You wouldn’t think such a tiny scar would make life so bearable again would you? By crickey, I’m happy to have that scar, though! Without it, I’d still be lying in a hospital bed, high on drugs like Lyrica (If you ever have to take it please be very careful. It’s highly addictive and has some horrible side effects. For me, I was never sure if I was going to throw up or pass out on it!) or Endone (Endone is a lovely drug which makes you feel like you’re sliding into a beautiful warm bath and staying there. However, I don’t think you should take it for long periods of time! In fact my doctor said to me, after I told him what a great drug it was: ‘don’t get too used to it!’)
Anyhow, like I said, none of this was conducive to writing a book.
I spent a lot of time with my laptop propped up on my knees while I was lying flat on back with the electric blanket on, while it was 40 odd degrees outside, and the fan blowing on the rest of me!

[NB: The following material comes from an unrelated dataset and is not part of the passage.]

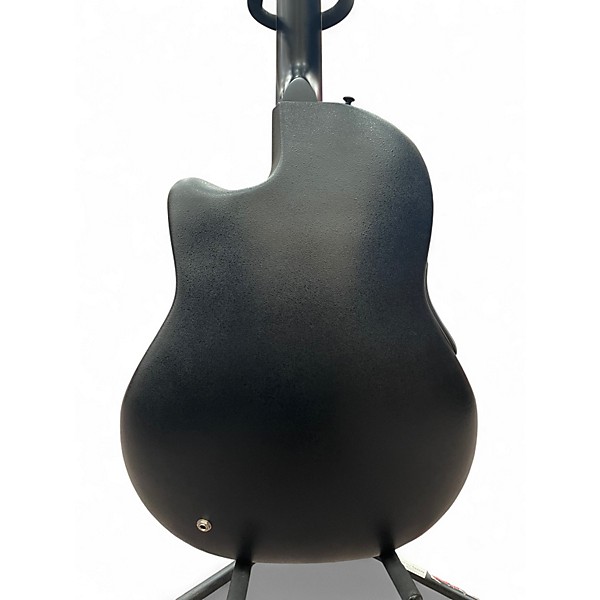 Used Ovation CC057 CELEBRITY Black Acoustic Electric Guitar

I think it’s fair to say that Where the River Runs is a labour of love; it’s bloody good thing I love writing because otherwise I might not have finished it!
In amongst the pages of Where the River Runs, you’ll meet Chelsea and her gorgeous little daughter Aria. Chelsea, pretty much like me at Christmas time last year, was heading home for the first time in about ten years. As I hit Port Augusta after the long drive across the Nullarbor, I started to take notice of every tiny detail; the landscape, the way people acted, waves as they drove, or didn’t. The emus which made the whole landscape look as it were moving, the plague proportion numbers of kangaroos camped under the trees or on the edge of the roads. The way the locals remembered or didn’t remember me – or thought I was my sister. (I never worked out if that was a good thing for me or a bad thing for my sister, as she’s seven years younger than me!)
One night, I was lying in bed and a bloody mozzie turned up, buzzing in my ear. Is there anything more annoying? But that noise threw me back to a whole heap of different memories from when I was a kid, and staying with my nana and papa at Christmas time. My family laughing loudly, or helping nana in the kitchen. Papa and my uncle would be debating politics or discussing stock prices in the sunroom.
So, I gathered up all these memories and used some of them for Chelsea to experience, as she made the long journey home to try and mend a family rift.
I do have to point out here, there’s no rifts within my family and I wasn’t going home to mend one as Chelsea is. But, some of what Chelsea experiences in this book, is what I saw and felt when I went home for Christmas in 2017.
So here’s the blurb and I hope you like Where the River Runs, when it comes out at the end of October… Just in time for Christmas.
Oh, and you can also preorder from Booktopia by clicking HERE.
In the tradition of the acclaimed Red Dust, Where the River Runs is a brilliantly told rural story of long-held family secrets by an author at the forefront of rural fiction, Fleur McDonald.
‘Fleur McDonald has a wonderful way with telling rural stories in a special way…A great summer read.’ Samstillreading on Suddenly One Summer
Chelsea drove slowly through the small country town of Barker, her eyes searching to see what had changed in the last nine years…She’s been in two minds about going home. Part of her wanted desperately to sit on the riverbank and breathe in the peace. But why would she put herself through all the pain of a homecoming when she didn’t need to?
Nine years ago, thirty-year-old Chelsea Taylor left the small country town of Barker and her family’s property to rise to the top as a concert pianist. With talent, ambition, and a determination to show them all at home, Chelsea thought she had it made.
Yet here she was, in Barker, with her four-year-old daughter, Aria, readying herself to face her father, Tom. The father who’d shouted down the phone nine years ago never to come home again.
With an uneasy truce developing, Chelsea and Aria settle into the rhythm of life on the land with Tom and Cal, the farmhand, who seems already to have judged Chelsea badly. Until a shocking discovery is made on the riverbed and Detective Dave Burrows, the local copper, has to tear back generations of family stories to reveal the secrets of the past.
Chelsea just wants a relationship with her dad but will he ever want that too? Or will his memory lapses mean they’ll never get that opportunity?